Give again the lines from the line with "Science Fiction Collection" to the last line of the records, exactly and in full. Do not carry over any pictures.

++++++++

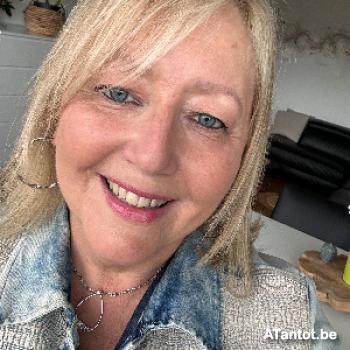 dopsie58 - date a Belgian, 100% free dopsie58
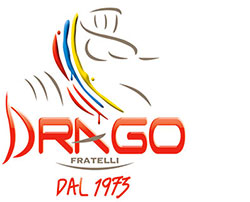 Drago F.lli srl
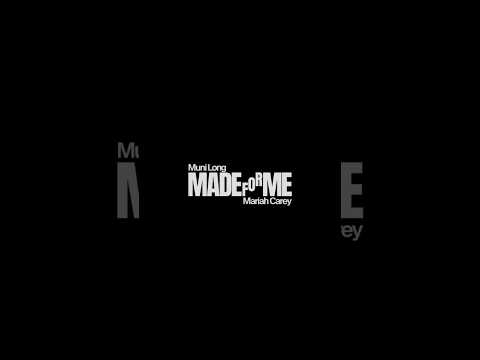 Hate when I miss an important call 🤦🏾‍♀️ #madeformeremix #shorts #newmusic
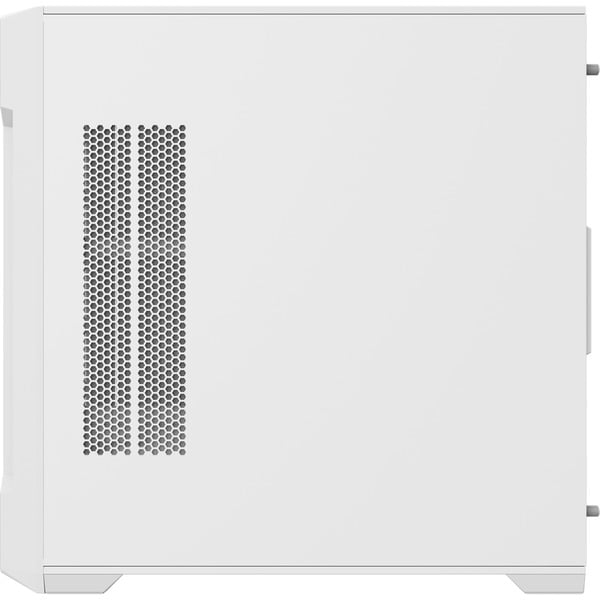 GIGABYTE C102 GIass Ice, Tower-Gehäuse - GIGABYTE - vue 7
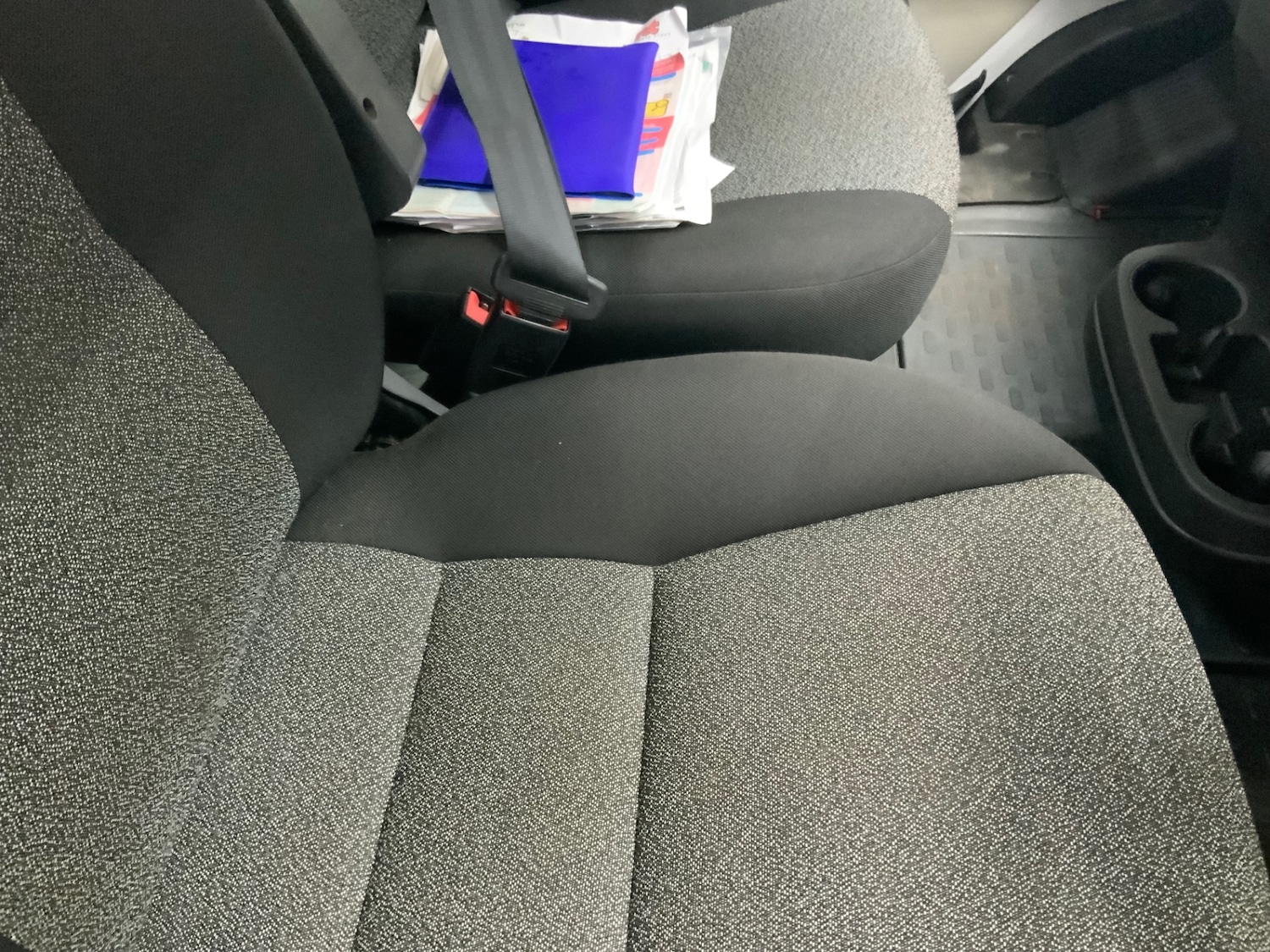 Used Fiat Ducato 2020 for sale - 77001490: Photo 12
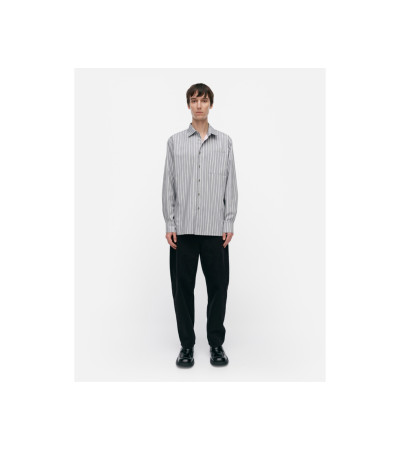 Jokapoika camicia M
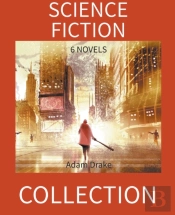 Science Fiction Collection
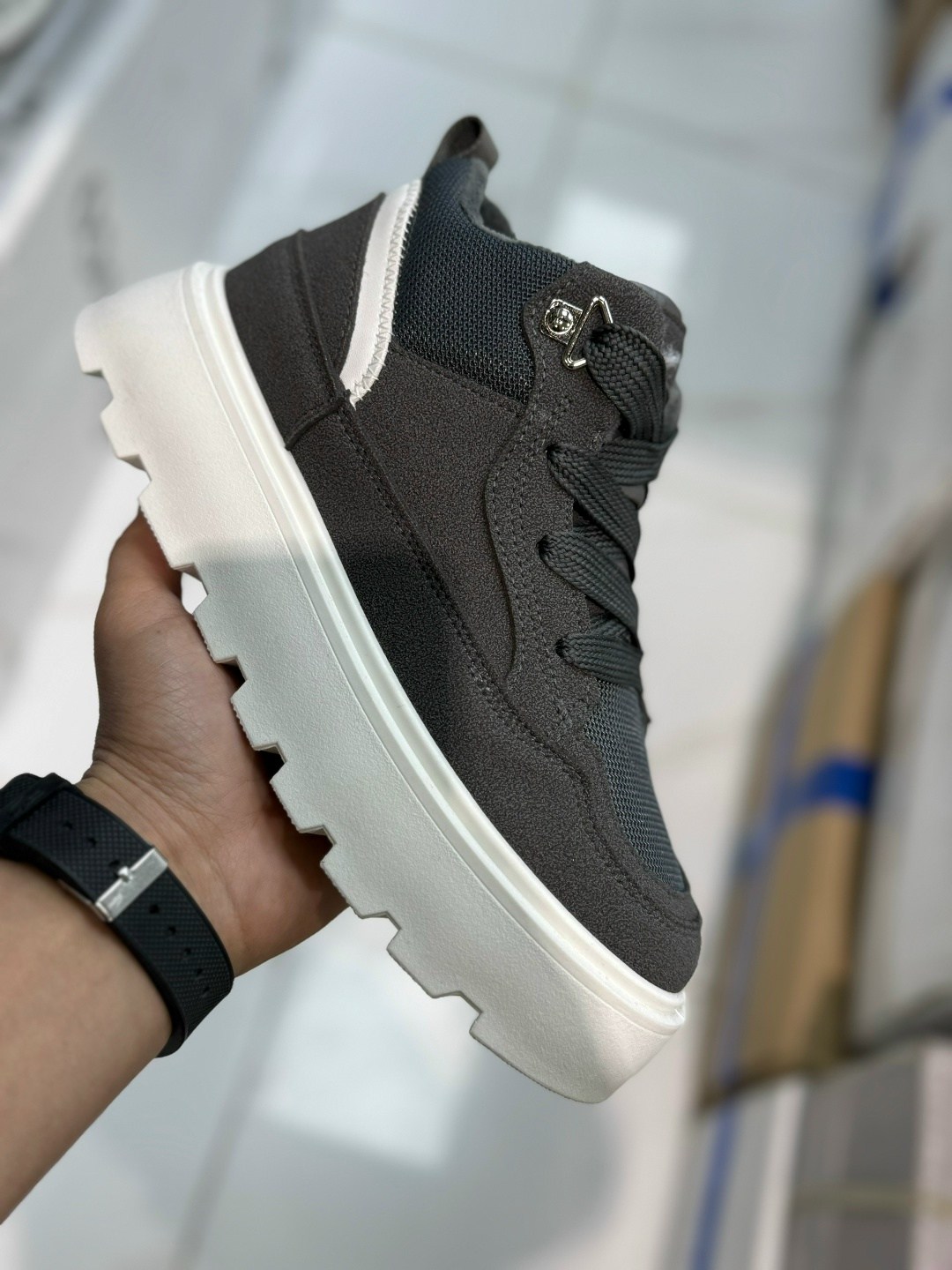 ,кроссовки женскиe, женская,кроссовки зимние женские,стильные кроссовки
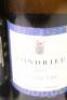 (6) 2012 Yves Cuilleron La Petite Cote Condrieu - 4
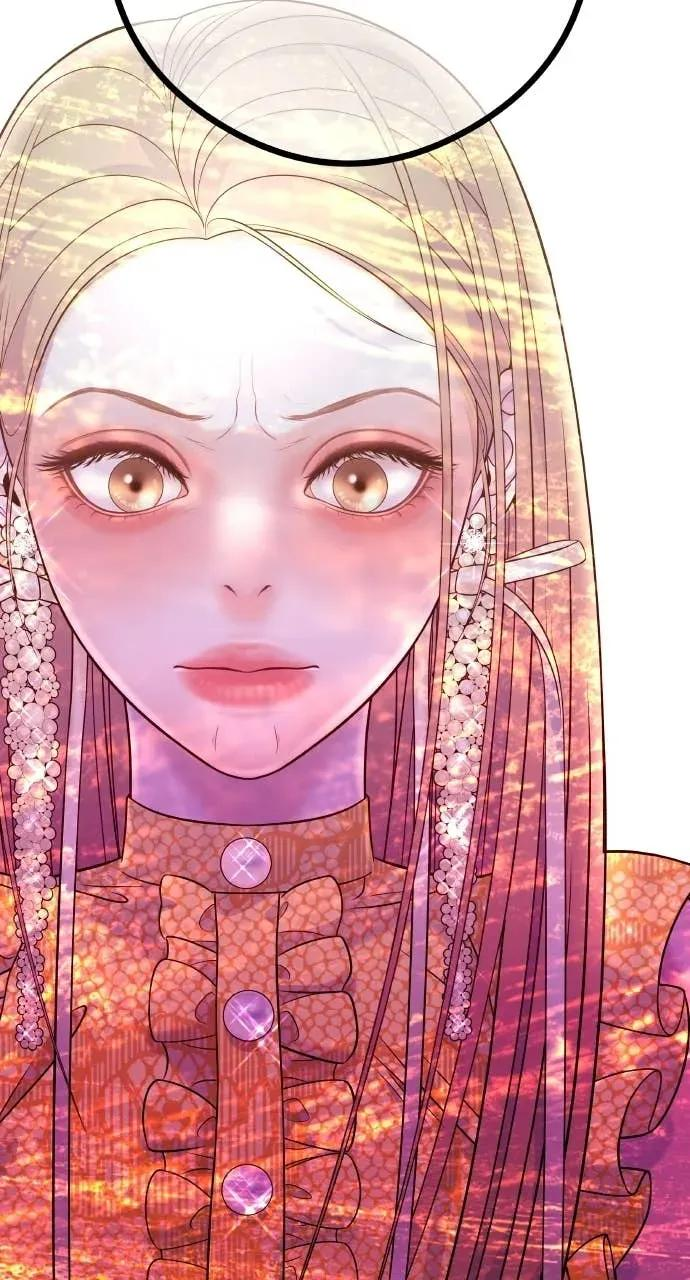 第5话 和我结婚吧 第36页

++++++++

### TASK SOLUTION:
 Science Fiction Collection
 ,кроссовки женскиe, женская,кроссовки зимние женские,стильные кроссовки
 (6) 2012 Yves Cuilleron La Petite Cote Condrieu - 4
 第5话 和我结婚吧 第36页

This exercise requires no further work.